T-Mobile US fined $200m for subsidy fraud

Industry News



The FCC has slapped T-Mobile US with a $200 million fine for fraudulently collecting millions of dollars in government subsidies designed to help low-income phone customers.

Ouch. It’s the largest ever fixed fine the FCC has ever imposed to settle an investigation, the regulator said. But, given the nature of the infraction, T-Mobile can have no complaints. The fine actually refers to activities carried out by subsidiary Sprint prior to being taken over, but T-Mobile knew about the ongoing investigation when it brokered the merger deal and was doubtless expecting a hefty financial penalty.

In the context of the $26 billion T-Mobile/Sprint transaction, $200 million isn’t a huge amount of money. But it’s hardly small change either.

The sanction stems from Sprint’s failure to comply – to put it mildly – with the rules governing the Lifeline programme, through which it provides affordable phone and broadband services for low-income customers. The scheme permits a telco to collect a state subsidy of $9.25 per month for most customers, but only if they are actually using the service; that is, if have used the service at least once in a 30-day period. That level of subsidy makes the service free for most users. Customers not using the service regularly should be deregistered.

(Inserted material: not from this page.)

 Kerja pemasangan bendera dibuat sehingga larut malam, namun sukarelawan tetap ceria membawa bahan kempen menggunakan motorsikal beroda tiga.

Sprint claimed monthly subsidies for as many as 885,000 subscribers who were not using the service. The FCC did not spell out how much it illicitly collected, but even if it only claimed subsidies for those customers for a couple of months, you’re looking at tens of millions of dollars.

Hence the massive fine.

“Lifeline is key to our commitment to bringing digital opportunity to low-income Americans, and it is especially critical that we make the best use of taxpayer dollars for this vital program,” said FCC Chairman Ajit Pai, in a statement. “I’m pleased that we were able to resolve this investigation in a manner that sends a strong message about the importance of complying with rules designed to prevent waste, fraud, and abuse in the Lifeline program.”

For its part, Sprint essentially blamed a software glitch.

In its ruling, the FCC explained that Sprint voluntarily disclosed the non-usage issue in August last year. In that disclosure it noted that “due to a software programming issue, Sprint’s systems failed to detect that over a million Lifeline subscribers nationwide lacked usage over an extended period of time,” leading to it potentially erroneously claiming subsidies.

Given the tangled nature of the telco back office, that’s highly plausible. Nonetheless, it’s a sizeable amount of extra revenue to collect by accident.